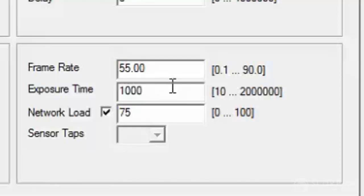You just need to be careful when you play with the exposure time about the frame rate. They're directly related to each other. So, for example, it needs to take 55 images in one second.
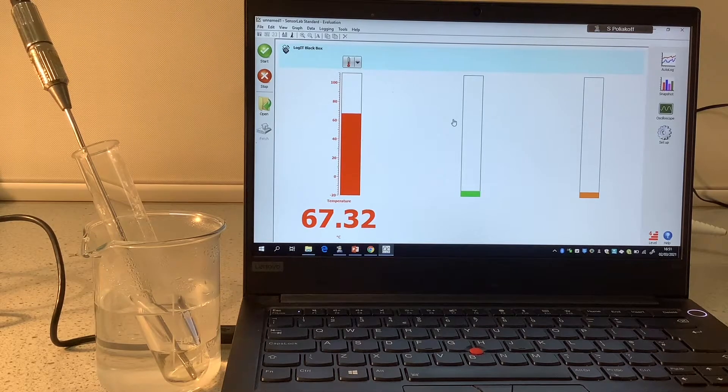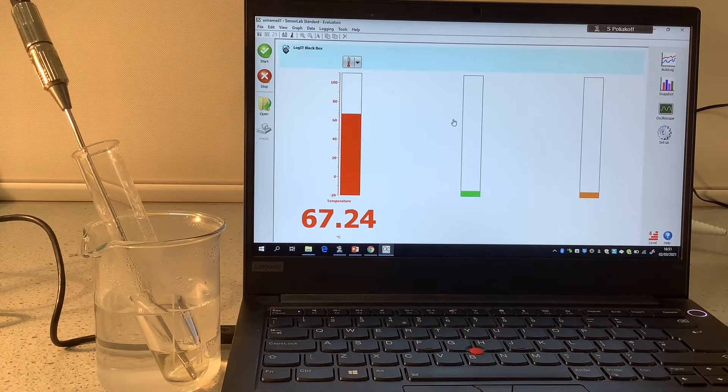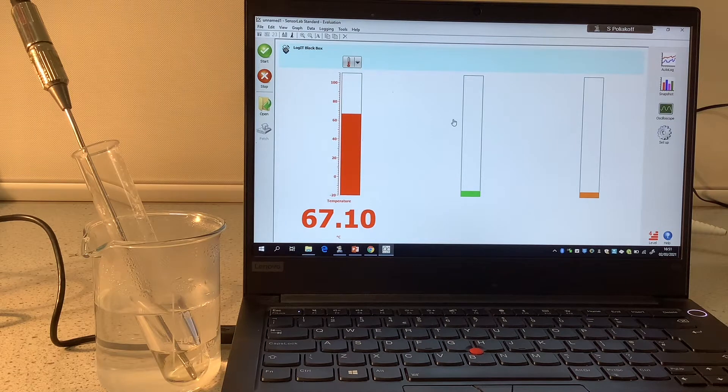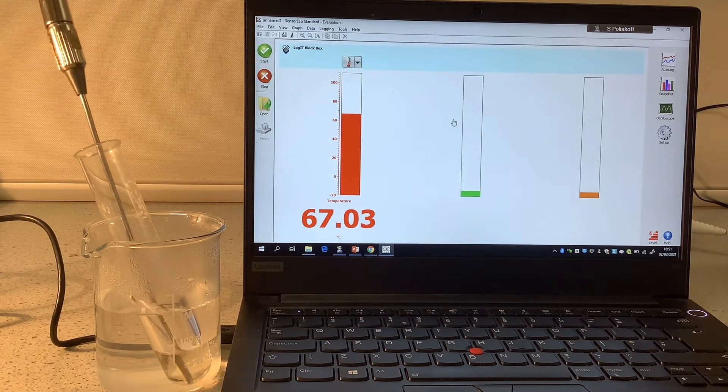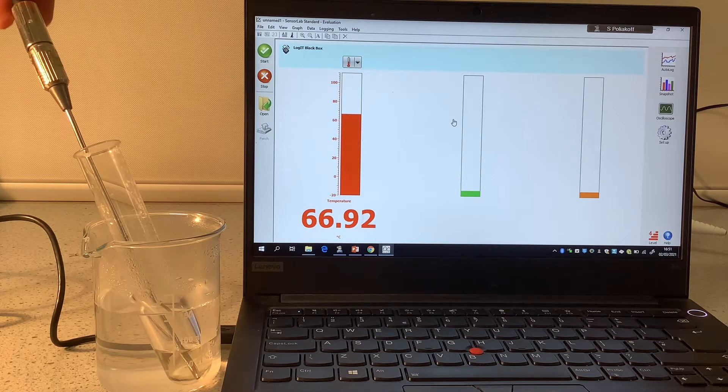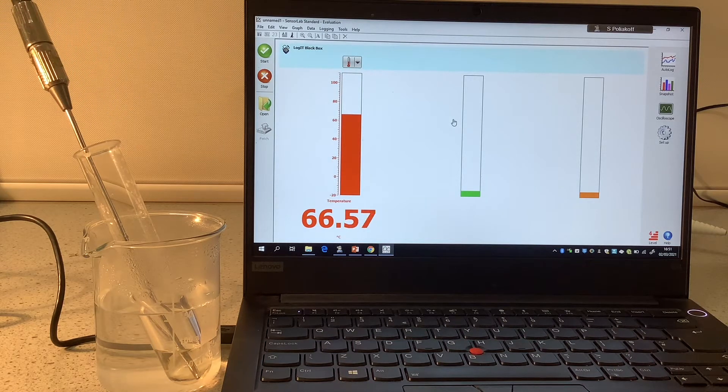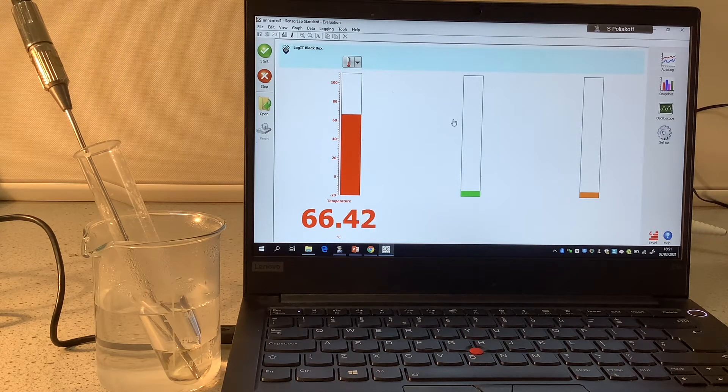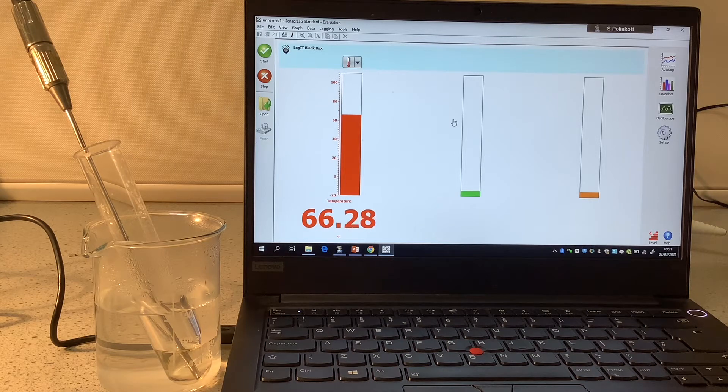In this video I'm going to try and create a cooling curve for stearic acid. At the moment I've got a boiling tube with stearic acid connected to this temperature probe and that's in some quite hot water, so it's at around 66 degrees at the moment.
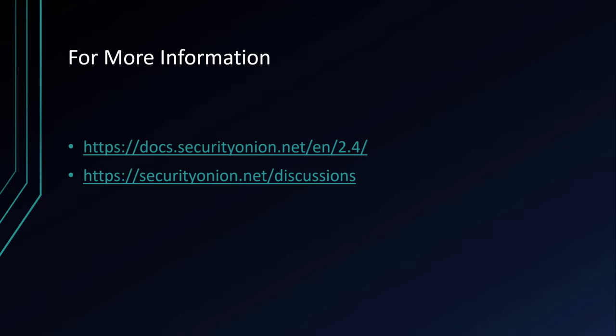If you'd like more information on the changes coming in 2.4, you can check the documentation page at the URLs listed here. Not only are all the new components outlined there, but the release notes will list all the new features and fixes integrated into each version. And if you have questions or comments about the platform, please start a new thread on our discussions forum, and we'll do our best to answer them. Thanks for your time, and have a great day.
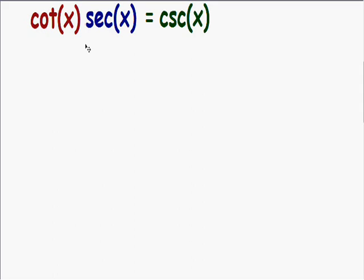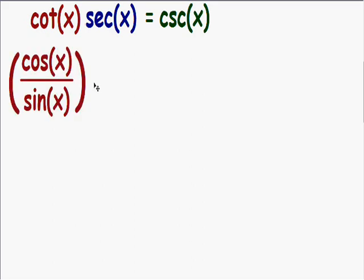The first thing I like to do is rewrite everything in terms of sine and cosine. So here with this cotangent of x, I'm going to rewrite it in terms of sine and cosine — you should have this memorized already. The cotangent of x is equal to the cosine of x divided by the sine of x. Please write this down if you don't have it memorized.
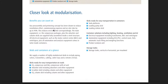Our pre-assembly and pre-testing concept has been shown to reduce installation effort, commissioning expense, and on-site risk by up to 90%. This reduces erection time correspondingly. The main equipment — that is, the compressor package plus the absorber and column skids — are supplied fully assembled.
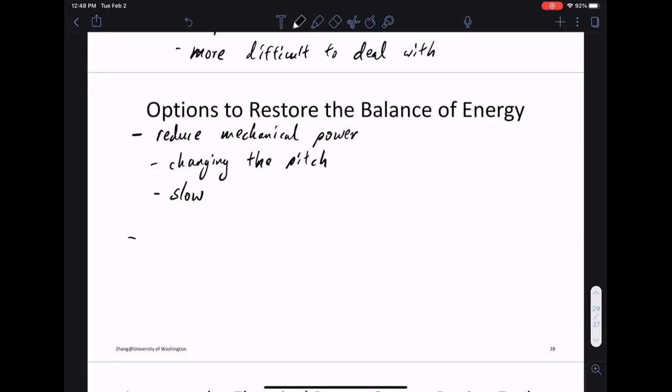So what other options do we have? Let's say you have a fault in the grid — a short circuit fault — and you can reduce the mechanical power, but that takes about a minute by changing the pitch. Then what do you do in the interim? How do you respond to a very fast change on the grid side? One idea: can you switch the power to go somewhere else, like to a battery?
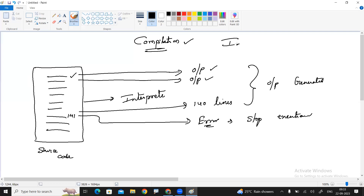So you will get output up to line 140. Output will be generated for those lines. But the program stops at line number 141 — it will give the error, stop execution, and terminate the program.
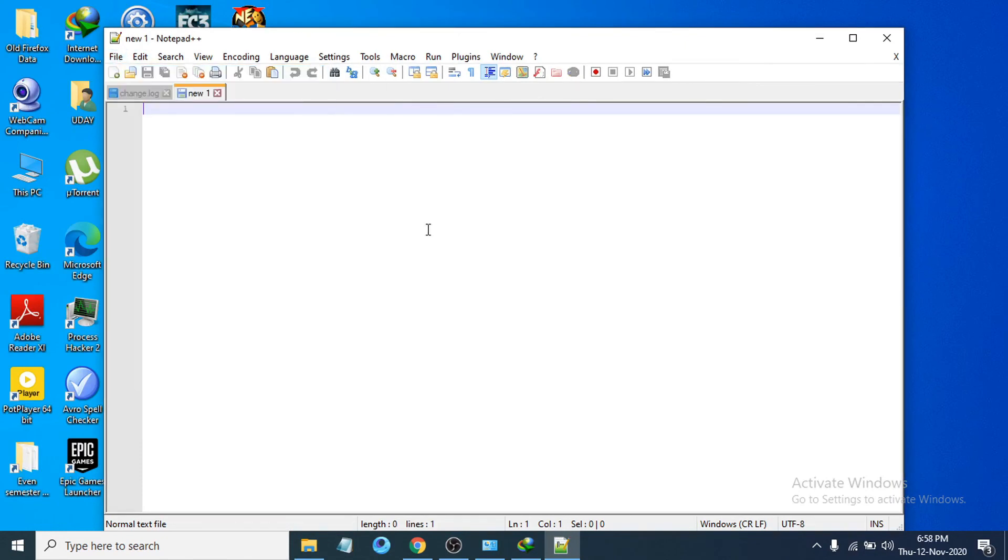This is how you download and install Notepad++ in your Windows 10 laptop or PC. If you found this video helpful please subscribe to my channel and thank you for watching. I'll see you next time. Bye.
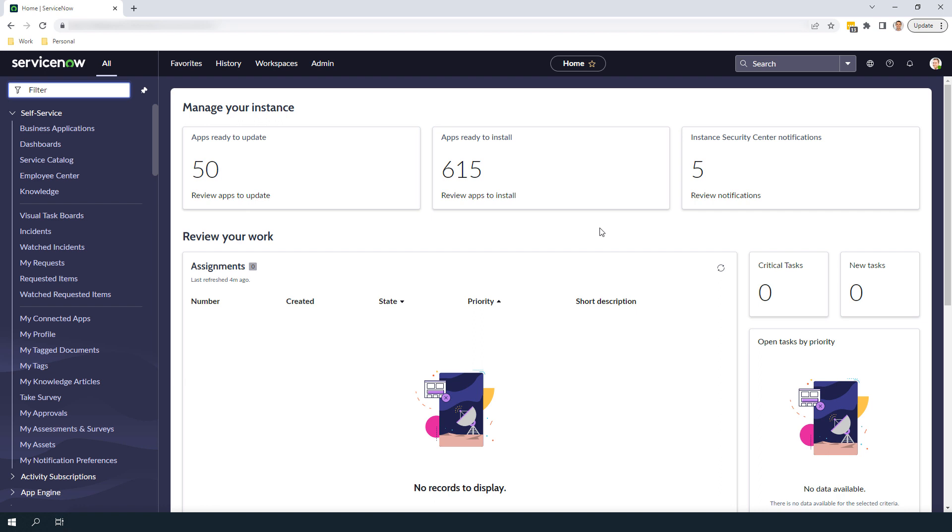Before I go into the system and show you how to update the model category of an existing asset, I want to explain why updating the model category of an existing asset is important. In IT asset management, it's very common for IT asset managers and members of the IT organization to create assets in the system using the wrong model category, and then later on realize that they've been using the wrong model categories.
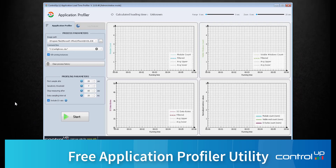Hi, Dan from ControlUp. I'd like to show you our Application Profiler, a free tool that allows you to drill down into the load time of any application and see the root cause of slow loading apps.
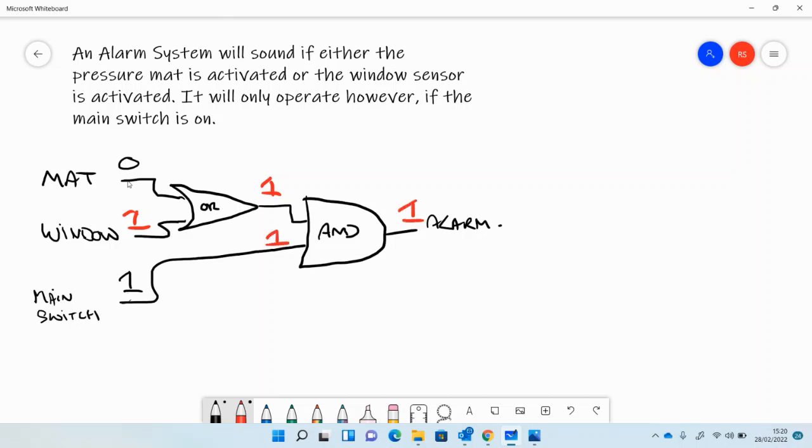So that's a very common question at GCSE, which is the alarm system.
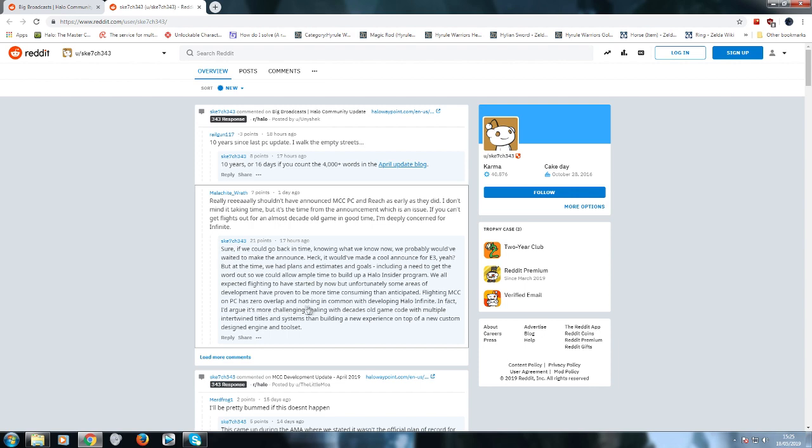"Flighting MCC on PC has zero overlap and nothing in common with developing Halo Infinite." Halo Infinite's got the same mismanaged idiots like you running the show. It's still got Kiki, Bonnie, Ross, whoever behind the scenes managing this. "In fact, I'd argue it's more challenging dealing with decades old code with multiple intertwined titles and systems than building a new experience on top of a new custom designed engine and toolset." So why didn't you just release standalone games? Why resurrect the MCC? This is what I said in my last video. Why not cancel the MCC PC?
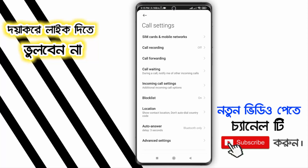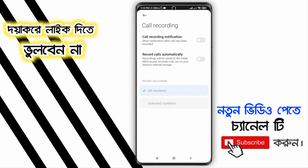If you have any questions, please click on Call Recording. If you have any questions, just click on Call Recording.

WHAT YOU ARE ASKED TO DO >> The lines from the top of the data above through the one holding "In this video" are to be repeated exactly, and only those, with no pictures.

SOLUTION TO THIS EXERCISE >>
You just need to be careful when you play with the exposure time about the frame rate. They're directly related to each other. So, for example, it needs to take 55 images in one second.
In this video I'm going to try and create a cooling curve for stearic acid. At the moment I've got a boiling tube with stearic acid connected to this temperature probe and that's in some quite hot water, so it's at around 66 degrees at the moment.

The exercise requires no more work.